In a poem, every line has its place and purpose. The sequence of events matters, and each line builds on the last. In the same way, our present experiences echo past themes, and flow into the future. To wish for another time is to kill the poem.
Our instinct as fallen creatures living within time is to be constantly longing to go back to an earlier line of the poem, or to be wishing we could experience a future line.
Much is lost when you see your life primarily in terms of good things lost, or future goods withheld. You are unable to see your life in terms of good seasons, one unfolding into the next, each one holding the pleasures and pains of gifts, hardships, and obstacles to overcome. You lose the gift of memory, your ability to remember and savor earlier lines of the poem.
You lose your ability to grieve your mistakes in a healthy manner without falling into crippling regret. To convert your failures into wisdom that can guide your future actions and be shared with your community.
He has made everything beautiful in its time. Also He has put eternity in their hearts, except that no one can find out the work that God does from beginning to end. –Ecclesiastes 3:11
Our lives are not given to us for our own consumption. Enjoyment, yes, but something much more. The time we’ve been given here is too short to allow any realistic sense of entitlement. Nothing is owed to us, everything given.
I know that nothing is better for them than to rejoice, and to do good in their lives, and also that every man should eat and drink and enjoy the good of all his labor—it is the gift of God. –Ecclesiastes 3:12
God’s intention is that we will enjoy the fruit of our labor, and not spend our lives in futility, even though there is nothing in this life you can grasp or hold onto, least of all the big picture.
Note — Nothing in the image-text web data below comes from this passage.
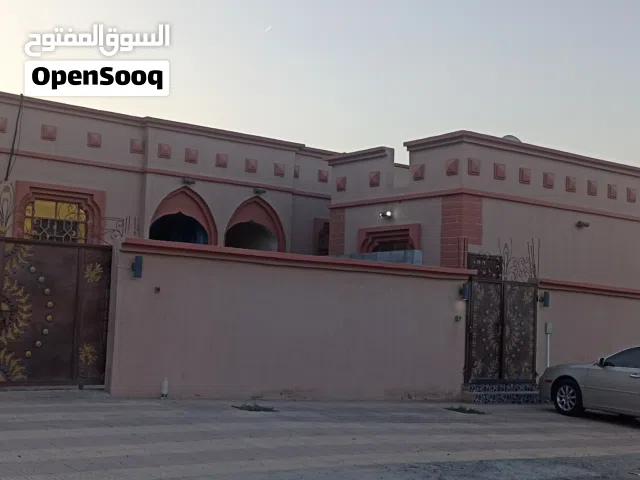 200 m2 3 Bedrooms Townhouse for Sale in Al Dakhiliya Bidbid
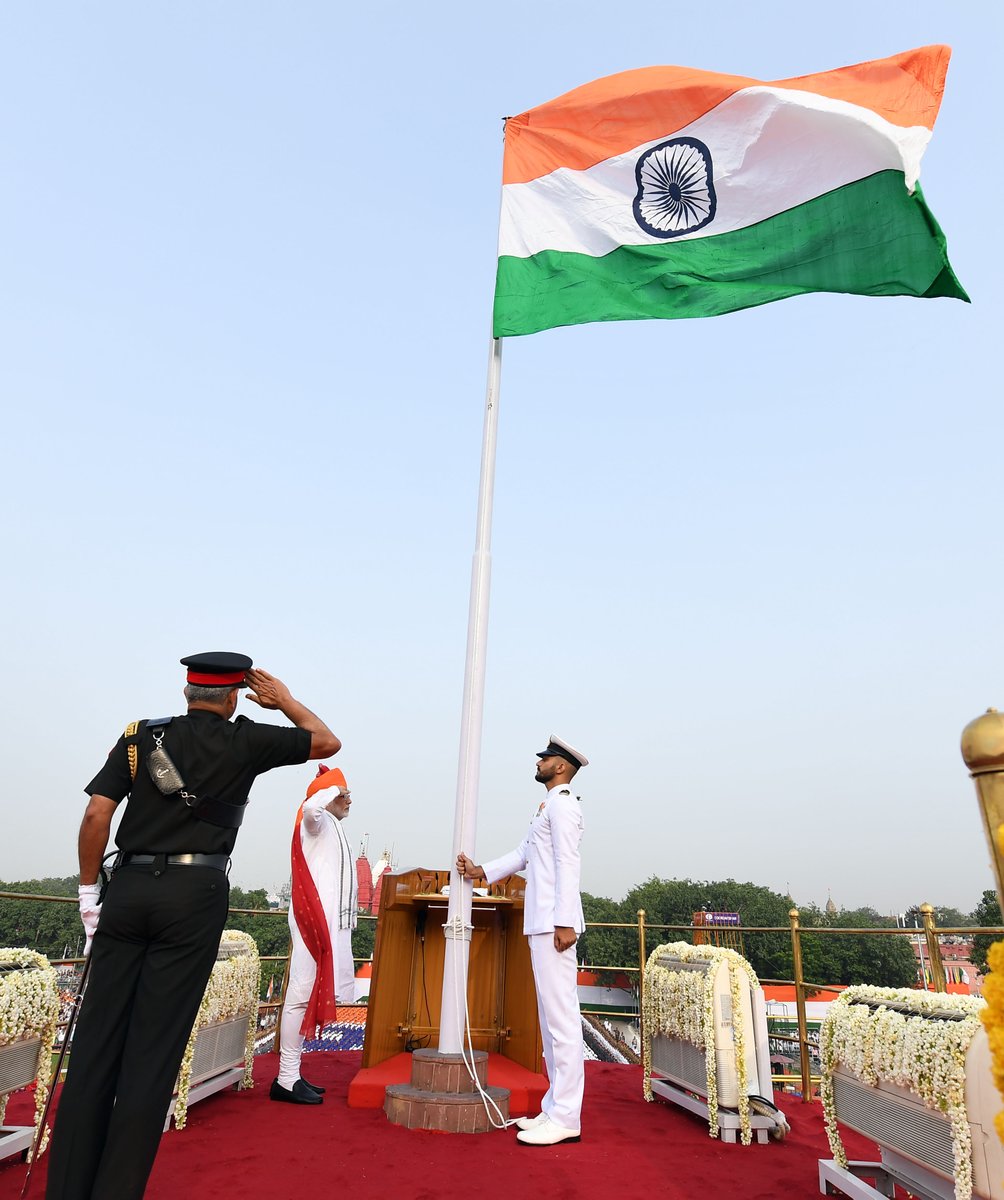 The flag unfurling ceremony on the parapets of Red Fort in New Delhi to mark India's 72nd Independence Day. Photo courtesy: Twitter/@narendramodi
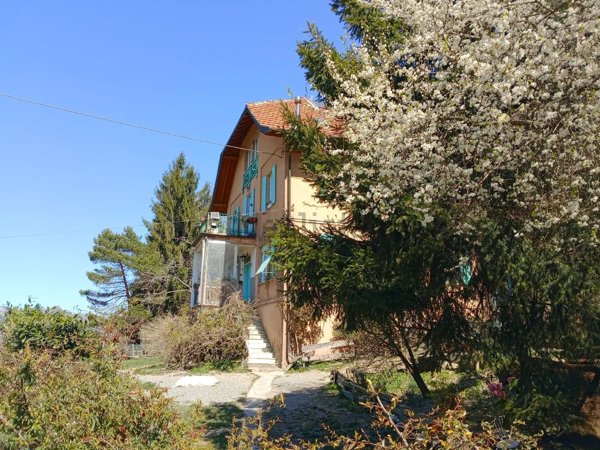 casa indipendente in vendita a Torriglia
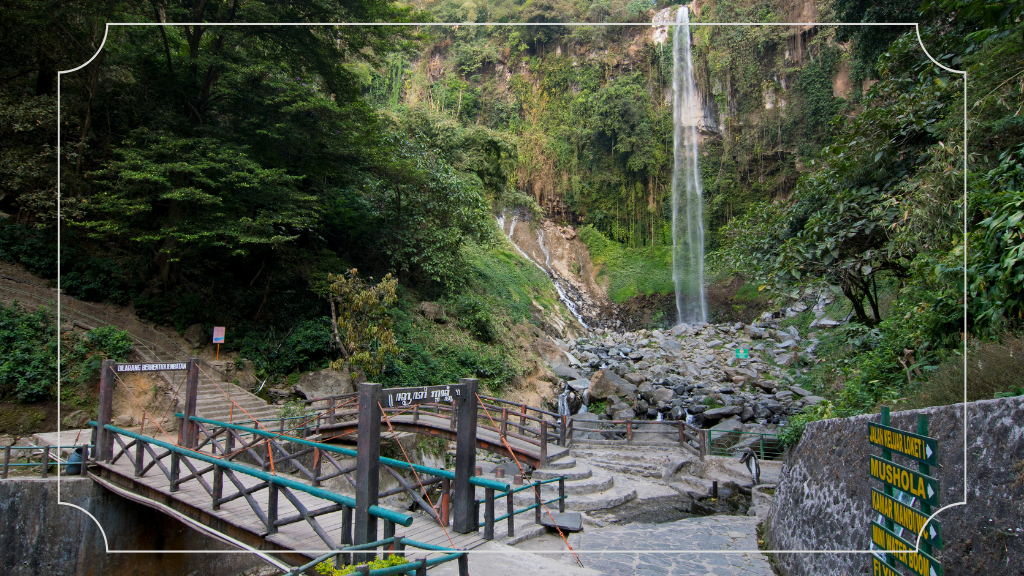 Rekomendasi Tempat Wisata di Tawangmangu yang Cocok untuk Semua Usia 2 Air Terjun Grojogan Sewu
We long for past and future lines because we cannot see the goodness of the whole poem at once. We don’t see the good in the present moment because we have placed all our legitimacy on what we had in a different moment. We worshiped the God who gave us x. Now that x is gone, we don’t know how to locate ourselves in relation to God. Who is God to us now that he is no longer the giver of that particular good?
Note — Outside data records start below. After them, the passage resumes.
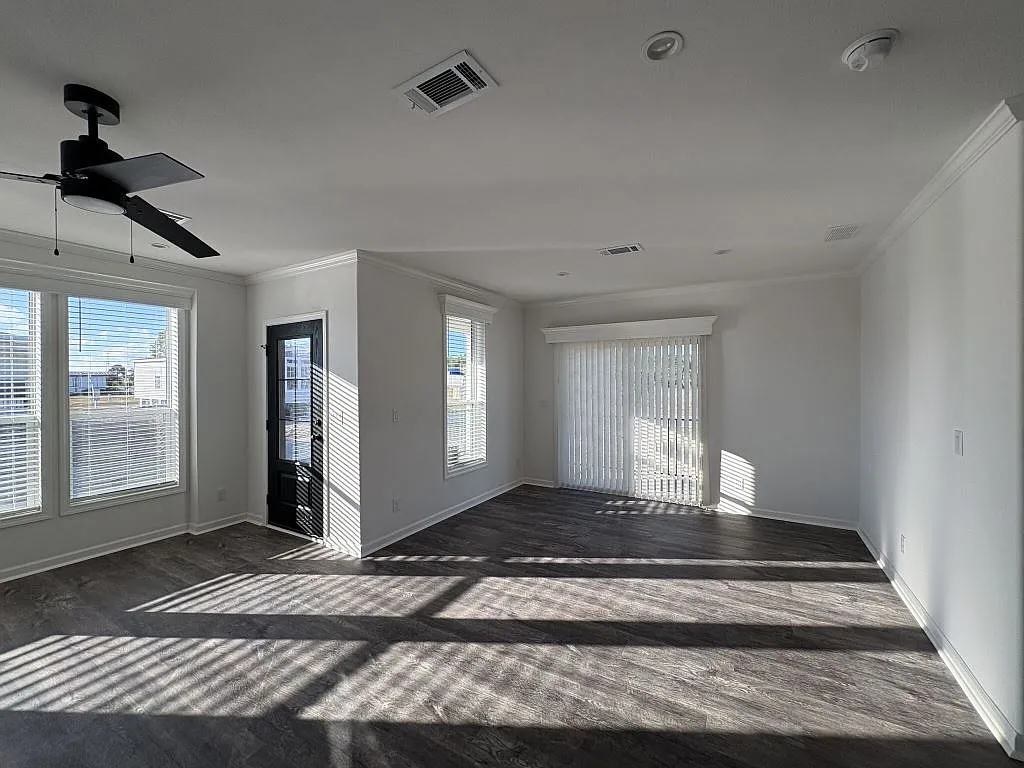 3 bed, 2.0 bath, 1460 sqft, $1,599 — Photo 3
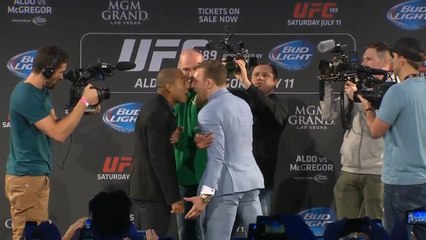 Veja a encarada eletrizante de Aldo e McGregor na Irlanda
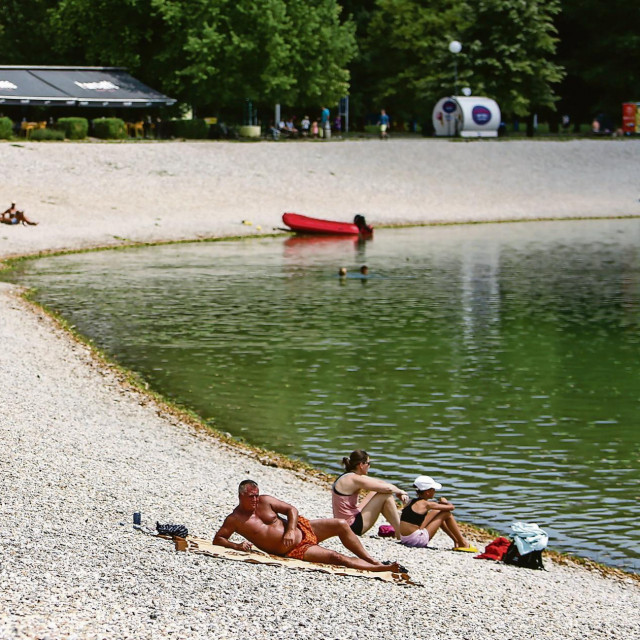 Fotografija s Jaruna snimljena ovih dana. Vrijeme je sunčano, voda topla, a kupača gotovo i nema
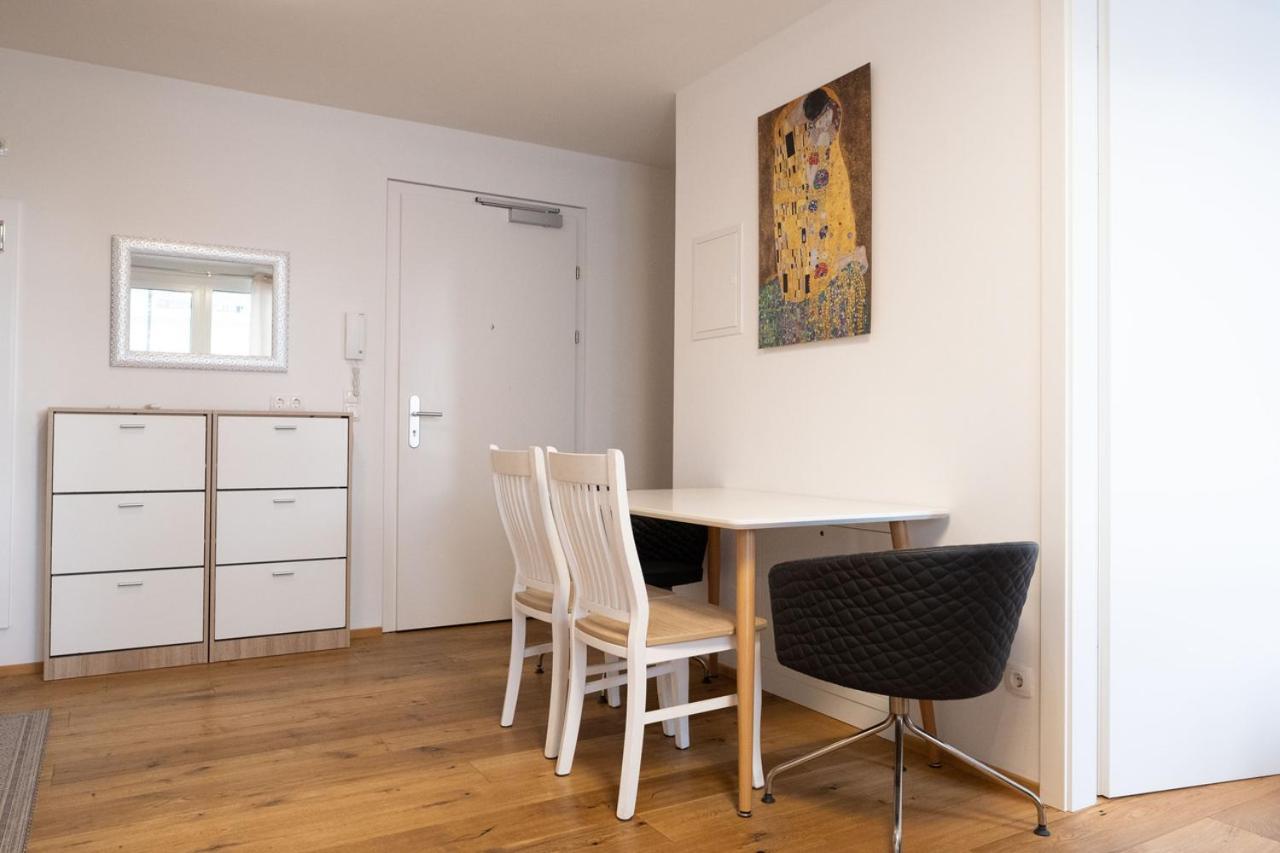 Modern Apartment W/ Cozy Balcony Near City Center Βιέννη Εξωτερικό φωτογραφία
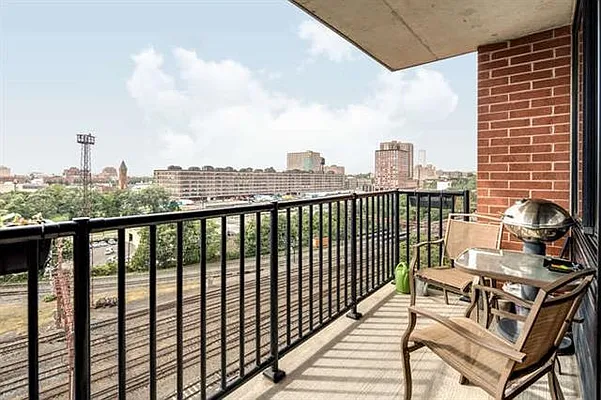 Sold by Century 21 Innovative Realty | media 14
As creatures, we are unable to see the big picture; all we can see are bits and pieces. Some of those bits are are a glimpse of the tight, colorful pattern on the front of the tapestry. Some of the bits are the loose, tangled knots on the backside, where Jesus suffered with us in moments whose larger meaning we can’t comprehend. When viewed in the light of the resurrection, we will see how everything fits together: how all the sad and nonsensical pieces of our lives were held together with the beautiful pieces, and all subsumed into the larger whole.
We are not given the grand narrative of our lives, other than a few marching orders: do justice, walk humbly with our God, go and disciple all nations, love one another. We don’t know why this or that thing happened, or how it will all work together in the end. Our place is to enjoy the poem as we are able, refusing to fixate on past or future lines.
What allows us to fully embrace the present moment—the current line of our poem—even with all its anxieties and frustrations, is knowing that God has the big picture, and that he is pulling all the threads together into a beautiful masterpiece.